In the entries that follow, the lines from the one with "Apartment | Pool" through the one with "探索高雅的金屬藝術(shù) HTC One X9圖賞" are the ones to write out, exactly and with both ends included. Nothing else should appear.

SOURCE INFORMATION |
>>

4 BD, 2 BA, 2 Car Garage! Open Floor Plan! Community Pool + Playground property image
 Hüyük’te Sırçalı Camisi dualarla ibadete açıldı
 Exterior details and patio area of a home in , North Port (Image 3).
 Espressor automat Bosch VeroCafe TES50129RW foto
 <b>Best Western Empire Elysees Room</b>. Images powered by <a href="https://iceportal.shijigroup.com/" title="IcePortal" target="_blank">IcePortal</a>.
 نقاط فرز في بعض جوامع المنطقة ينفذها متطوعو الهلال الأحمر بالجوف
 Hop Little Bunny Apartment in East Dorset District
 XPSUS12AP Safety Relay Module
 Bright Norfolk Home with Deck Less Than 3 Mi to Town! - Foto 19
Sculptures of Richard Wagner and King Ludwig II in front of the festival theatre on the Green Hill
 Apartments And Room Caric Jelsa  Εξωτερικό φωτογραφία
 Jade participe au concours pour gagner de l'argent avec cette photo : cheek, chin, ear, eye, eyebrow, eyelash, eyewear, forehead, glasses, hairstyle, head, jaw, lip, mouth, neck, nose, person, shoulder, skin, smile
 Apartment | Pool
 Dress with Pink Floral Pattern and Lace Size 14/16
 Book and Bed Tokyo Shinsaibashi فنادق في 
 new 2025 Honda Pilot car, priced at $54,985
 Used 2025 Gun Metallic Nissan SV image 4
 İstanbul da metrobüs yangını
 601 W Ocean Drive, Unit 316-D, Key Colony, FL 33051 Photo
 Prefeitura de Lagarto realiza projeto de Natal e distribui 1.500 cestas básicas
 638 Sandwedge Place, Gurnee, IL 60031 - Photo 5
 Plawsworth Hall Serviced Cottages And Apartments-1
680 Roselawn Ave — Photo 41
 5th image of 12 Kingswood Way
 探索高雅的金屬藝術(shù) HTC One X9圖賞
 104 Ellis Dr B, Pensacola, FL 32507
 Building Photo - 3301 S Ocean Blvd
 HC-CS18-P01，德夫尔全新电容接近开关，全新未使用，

<<

EXPECTED ANSWER |
 Apartment | Pool
 Dress with Pink Floral Pattern and Lace Size 14/16
 Book and Bed Tokyo Shinsaibashi فنادق في 
 new 2025 Honda Pilot car, priced at $54,985
 Used 2025 Gun Metallic Nissan SV image 4
 İstanbul da metrobüs yangını
 601 W Ocean Drive, Unit 316-D, Key Colony, FL 33051 Photo
 Prefeitura de Lagarto realiza projeto de Natal e distribui 1.500 cestas básicas
 638 Sandwedge Place, Gurnee, IL 60031 - Photo 5
 Plawsworth Hall Serviced Cottages And Apartments-1
680 Roselawn Ave — Photo 41
 5th image of 12 Kingswood Way
 探索高雅的金屬藝術(shù) HTC One X9圖賞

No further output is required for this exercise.